» Your task
For this exercise, print all of the data exactly as given.

» Exercise input
-=-=-=-=-
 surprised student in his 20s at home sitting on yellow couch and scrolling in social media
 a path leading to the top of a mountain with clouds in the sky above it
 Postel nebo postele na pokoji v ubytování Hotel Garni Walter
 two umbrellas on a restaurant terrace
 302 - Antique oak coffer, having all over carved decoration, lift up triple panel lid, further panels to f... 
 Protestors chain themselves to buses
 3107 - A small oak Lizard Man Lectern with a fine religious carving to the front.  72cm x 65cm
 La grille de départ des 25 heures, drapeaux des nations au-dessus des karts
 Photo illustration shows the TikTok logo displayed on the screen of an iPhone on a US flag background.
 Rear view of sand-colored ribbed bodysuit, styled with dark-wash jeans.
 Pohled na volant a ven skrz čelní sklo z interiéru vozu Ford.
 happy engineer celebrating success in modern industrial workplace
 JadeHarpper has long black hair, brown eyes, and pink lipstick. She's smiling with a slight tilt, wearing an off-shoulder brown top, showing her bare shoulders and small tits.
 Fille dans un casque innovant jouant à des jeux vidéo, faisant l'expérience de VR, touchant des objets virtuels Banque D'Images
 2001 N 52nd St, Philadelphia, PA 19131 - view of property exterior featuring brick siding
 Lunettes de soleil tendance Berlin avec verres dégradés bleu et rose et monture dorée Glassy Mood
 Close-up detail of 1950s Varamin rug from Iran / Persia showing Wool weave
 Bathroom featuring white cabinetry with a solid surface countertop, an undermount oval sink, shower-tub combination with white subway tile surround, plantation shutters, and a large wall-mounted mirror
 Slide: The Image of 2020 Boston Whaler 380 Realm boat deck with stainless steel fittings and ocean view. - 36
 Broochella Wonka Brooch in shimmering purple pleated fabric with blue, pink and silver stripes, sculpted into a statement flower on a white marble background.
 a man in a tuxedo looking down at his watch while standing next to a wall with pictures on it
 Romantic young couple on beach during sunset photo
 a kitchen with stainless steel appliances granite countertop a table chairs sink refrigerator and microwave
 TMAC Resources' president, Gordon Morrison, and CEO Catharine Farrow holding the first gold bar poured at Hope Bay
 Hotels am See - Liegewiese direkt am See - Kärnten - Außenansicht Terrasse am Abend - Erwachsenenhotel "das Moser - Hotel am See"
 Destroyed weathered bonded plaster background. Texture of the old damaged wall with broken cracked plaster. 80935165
-=-=-=-=-
» Task output
 surprised student in his 20s at home sitting on yellow couch and scrolling in social media
 a path leading to the top of a mountain with clouds in the sky above it
 Postel nebo postele na pokoji v ubytování Hotel Garni Walter
 two umbrellas on a restaurant terrace
 302 - Antique oak coffer, having all over carved decoration, lift up triple panel lid, further panels to f... 
 Protestors chain themselves to buses
 3107 - A small oak Lizard Man Lectern with a fine religious carving to the front.  72cm x 65cm
 La grille de départ des 25 heures, drapeaux des nations au-dessus des karts
 Photo illustration shows the TikTok logo displayed on the screen of an iPhone on a US flag background.
 Rear view of sand-colored ribbed bodysuit, styled with dark-wash jeans.
 Pohled na volant a ven skrz čelní sklo z interiéru vozu Ford.
 happy engineer celebrating success in modern industrial workplace
 JadeHarpper has long black hair, brown eyes, and pink lipstick. She's smiling with a slight tilt, wearing an off-shoulder brown top, showing her bare shoulders and small tits.
 Fille dans un casque innovant jouant à des jeux vidéo, faisant l'expérience de VR, touchant des objets virtuels Banque D'Images
 2001 N 52nd St, Philadelphia, PA 19131 - view of property exterior featuring brick siding
 Lunettes de soleil tendance Berlin avec verres dégradés bleu et rose et monture dorée Glassy Mood
 Close-up detail of 1950s Varamin rug from Iran / Persia showing Wool weave
 Bathroom featuring white cabinetry with a solid surface countertop, an undermount oval sink, shower-tub combination with white subway tile surround, plantation shutters, and a large wall-mounted mirror
 Slide: The Image of 2020 Boston Whaler 380 Realm boat deck with stainless steel fittings and ocean view. - 36
 Broochella Wonka Brooch in shimmering purple pleated fabric with blue, pink and silver stripes, sculpted into a statement flower on a white marble background.
 a man in a tuxedo looking down at his watch while standing next to a wall with pictures on it
 Romantic young couple on beach during sunset photo
 a kitchen with stainless steel appliances granite countertop a table chairs sink refrigerator and microwave
 TMAC Resources' president, Gordon Morrison, and CEO Catharine Farrow holding the first gold bar poured at Hope Bay
 Hotels am See - Liegewiese direkt am See - Kärnten - Außenansicht Terrasse am Abend - Erwachsenenhotel "das Moser - Hotel am See"
 Destroyed weathered bonded plaster background. Texture of the old damaged wall with broken cracked plaster. 80935165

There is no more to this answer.